Each of you have your own particular circumstances, challenges, and crosses. Nor do I mean to suggest these ideas as guarantees you will immediately find your struggles alleviated, though I wish  I could.

However, I have lost a lot of things in my life, and while it’s certainly always not my fault, I know there are things I could have done, things that are lacking in my organization and discipline, challenges that involve being far more intentional and thoughtful about my actions if I’m to avoid those moments of crisis when I’m late and my keys are gone. And the truth is, often times I am a cause, if not the cause, of my own struggles, and there are steps I could take to lessen the struggle of never finding what I want. I suspect this part of the analogy holds in the life of faith as well, if we are honest with ourselves.

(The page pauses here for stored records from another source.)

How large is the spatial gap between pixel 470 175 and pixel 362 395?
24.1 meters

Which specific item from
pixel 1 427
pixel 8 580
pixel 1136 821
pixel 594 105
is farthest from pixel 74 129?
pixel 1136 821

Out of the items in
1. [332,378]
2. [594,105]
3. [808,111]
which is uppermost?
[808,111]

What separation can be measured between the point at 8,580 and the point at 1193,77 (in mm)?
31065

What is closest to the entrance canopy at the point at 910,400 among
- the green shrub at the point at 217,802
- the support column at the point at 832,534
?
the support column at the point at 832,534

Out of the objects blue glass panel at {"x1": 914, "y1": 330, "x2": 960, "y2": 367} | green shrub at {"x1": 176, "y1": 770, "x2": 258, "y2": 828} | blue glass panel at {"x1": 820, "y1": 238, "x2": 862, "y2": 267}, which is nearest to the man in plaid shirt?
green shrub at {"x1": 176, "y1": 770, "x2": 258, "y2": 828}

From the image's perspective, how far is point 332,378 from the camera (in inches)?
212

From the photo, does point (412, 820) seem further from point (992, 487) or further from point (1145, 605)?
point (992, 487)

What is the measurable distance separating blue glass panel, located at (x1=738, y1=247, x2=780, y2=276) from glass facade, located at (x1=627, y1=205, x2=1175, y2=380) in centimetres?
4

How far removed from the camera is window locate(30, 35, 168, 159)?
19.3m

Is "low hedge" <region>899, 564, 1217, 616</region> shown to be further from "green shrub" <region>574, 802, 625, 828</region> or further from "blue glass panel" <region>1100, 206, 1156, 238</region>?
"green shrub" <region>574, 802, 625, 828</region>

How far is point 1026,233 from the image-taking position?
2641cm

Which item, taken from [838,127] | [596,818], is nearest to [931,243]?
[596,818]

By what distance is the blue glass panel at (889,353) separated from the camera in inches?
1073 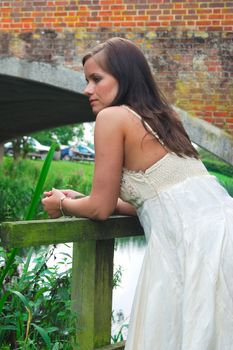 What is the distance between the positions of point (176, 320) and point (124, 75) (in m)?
0.75

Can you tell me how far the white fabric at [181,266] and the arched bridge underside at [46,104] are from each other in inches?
A: 225

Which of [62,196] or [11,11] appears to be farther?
[11,11]

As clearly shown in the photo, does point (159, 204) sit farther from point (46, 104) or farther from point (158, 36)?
point (46, 104)

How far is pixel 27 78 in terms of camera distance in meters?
8.52

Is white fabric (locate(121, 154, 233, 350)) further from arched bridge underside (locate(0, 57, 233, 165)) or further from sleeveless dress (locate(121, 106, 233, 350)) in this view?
arched bridge underside (locate(0, 57, 233, 165))

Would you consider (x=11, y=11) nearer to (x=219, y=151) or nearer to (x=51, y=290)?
(x=219, y=151)

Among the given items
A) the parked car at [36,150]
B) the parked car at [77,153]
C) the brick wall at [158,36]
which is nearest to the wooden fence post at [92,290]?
the brick wall at [158,36]

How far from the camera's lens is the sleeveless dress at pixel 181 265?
1889 millimetres

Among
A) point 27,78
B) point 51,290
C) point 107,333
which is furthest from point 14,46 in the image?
point 107,333

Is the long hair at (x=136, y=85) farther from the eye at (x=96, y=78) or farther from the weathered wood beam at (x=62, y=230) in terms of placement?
the weathered wood beam at (x=62, y=230)

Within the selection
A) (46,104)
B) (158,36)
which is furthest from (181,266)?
(46,104)

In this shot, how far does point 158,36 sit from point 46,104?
18.1 ft

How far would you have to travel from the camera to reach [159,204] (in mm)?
2023

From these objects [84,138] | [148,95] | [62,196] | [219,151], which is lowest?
[84,138]
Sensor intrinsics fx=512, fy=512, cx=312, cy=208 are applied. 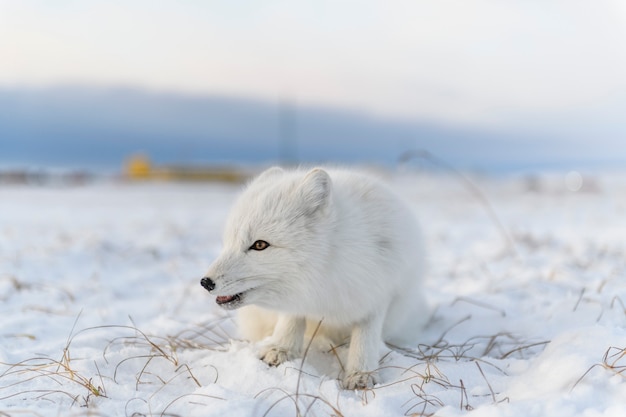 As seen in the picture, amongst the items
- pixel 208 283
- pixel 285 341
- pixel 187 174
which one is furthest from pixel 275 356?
pixel 187 174

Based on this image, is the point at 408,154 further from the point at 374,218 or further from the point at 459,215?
the point at 459,215

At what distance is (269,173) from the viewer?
137 inches

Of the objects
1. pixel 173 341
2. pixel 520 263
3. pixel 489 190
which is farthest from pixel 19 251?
pixel 489 190

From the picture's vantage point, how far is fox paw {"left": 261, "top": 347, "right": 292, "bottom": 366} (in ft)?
9.36

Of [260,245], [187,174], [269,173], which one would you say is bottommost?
[187,174]

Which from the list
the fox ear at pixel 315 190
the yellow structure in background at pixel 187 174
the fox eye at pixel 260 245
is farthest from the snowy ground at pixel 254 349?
the yellow structure in background at pixel 187 174

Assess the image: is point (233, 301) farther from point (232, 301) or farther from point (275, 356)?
point (275, 356)

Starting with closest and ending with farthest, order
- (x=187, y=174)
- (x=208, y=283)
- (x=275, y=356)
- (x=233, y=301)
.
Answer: (x=208, y=283)
(x=233, y=301)
(x=275, y=356)
(x=187, y=174)

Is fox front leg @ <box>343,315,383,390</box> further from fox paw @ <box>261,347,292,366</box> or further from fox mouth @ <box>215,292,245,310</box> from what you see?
fox mouth @ <box>215,292,245,310</box>

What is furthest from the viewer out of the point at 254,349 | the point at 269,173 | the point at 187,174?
the point at 187,174

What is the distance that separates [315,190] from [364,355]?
977 millimetres

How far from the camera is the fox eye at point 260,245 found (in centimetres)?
277

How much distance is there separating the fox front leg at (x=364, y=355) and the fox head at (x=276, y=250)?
447 millimetres

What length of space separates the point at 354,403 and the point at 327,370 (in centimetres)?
61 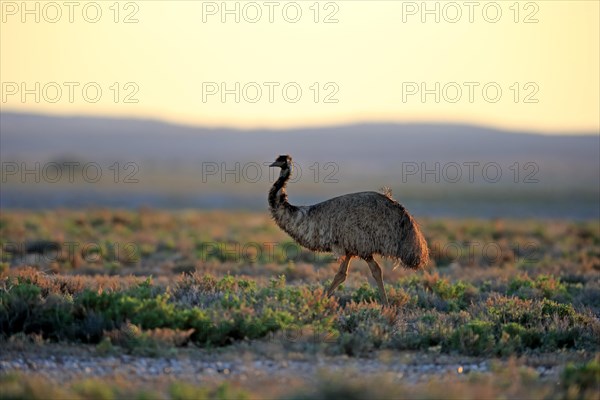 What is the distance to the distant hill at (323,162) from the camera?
216ft

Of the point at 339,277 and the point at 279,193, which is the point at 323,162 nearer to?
the point at 279,193

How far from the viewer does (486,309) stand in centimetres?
1364

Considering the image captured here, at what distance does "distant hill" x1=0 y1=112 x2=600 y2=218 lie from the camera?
2589 inches

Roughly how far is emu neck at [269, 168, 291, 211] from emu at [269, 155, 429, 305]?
0.43 m

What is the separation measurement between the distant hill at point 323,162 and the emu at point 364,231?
41.4 metres

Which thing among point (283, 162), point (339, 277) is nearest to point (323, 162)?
point (283, 162)

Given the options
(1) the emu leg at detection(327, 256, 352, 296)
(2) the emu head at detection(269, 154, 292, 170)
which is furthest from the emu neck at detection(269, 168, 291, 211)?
(1) the emu leg at detection(327, 256, 352, 296)

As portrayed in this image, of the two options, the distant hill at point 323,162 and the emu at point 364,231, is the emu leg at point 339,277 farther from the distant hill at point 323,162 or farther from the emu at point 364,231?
the distant hill at point 323,162

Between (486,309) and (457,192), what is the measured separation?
65.8 metres

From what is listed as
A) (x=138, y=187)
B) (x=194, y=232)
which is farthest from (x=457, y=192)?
(x=194, y=232)

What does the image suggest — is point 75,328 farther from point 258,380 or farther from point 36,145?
point 36,145

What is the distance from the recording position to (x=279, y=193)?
46.9 feet

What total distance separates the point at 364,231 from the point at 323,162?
3844 inches

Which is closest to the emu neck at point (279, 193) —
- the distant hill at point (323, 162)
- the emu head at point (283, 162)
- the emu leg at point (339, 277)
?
the emu head at point (283, 162) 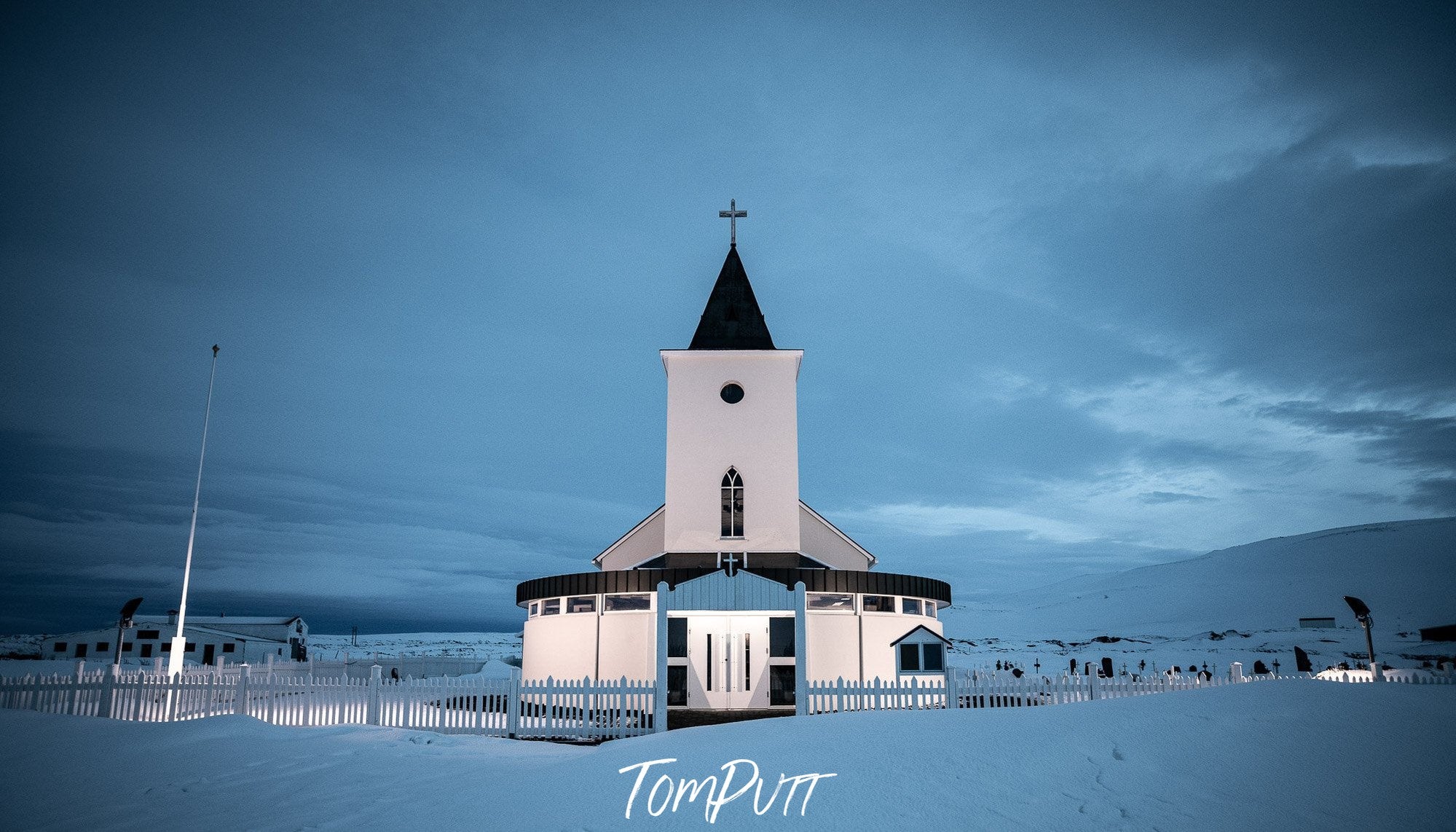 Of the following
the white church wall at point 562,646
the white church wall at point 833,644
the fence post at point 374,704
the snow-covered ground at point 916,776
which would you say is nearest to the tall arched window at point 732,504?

When I do lose my keys, even when it’s my own darn fault, I have one more recourse. I turn to St. Anthony, and ask him to help me find them. This too, I think, holds in the comparison—in those moments you feel your faith might be most lost, perhaps you might try turning to St. Anthony, and asking him to help you find it.

St. Anthony of Padua, Pray for us who have recourse to you.

 

 

 

 


 

Picture via pexels.com

* It might be helpful to note here Ed Feser’s point [Edward Feser, “In Defense of the Perverted Faculty Argument,” in Neo-Scholastic Essays, (St. Augustine Press, 2015), pp. 378-415.]  that: 

“Natural” for the Aristotelian-Thomistic philosopher does not mean merely “deeply ingrained,” “in accordance with the laws of physics,” “having a genetic basis,” or any other of the readings that a nonteleological view of nature might allow. It has instead to do with the final causes inherent in a thing by virtue of its essence, and which it possesses whether or not it ever realizes them or consciously wants to realize them.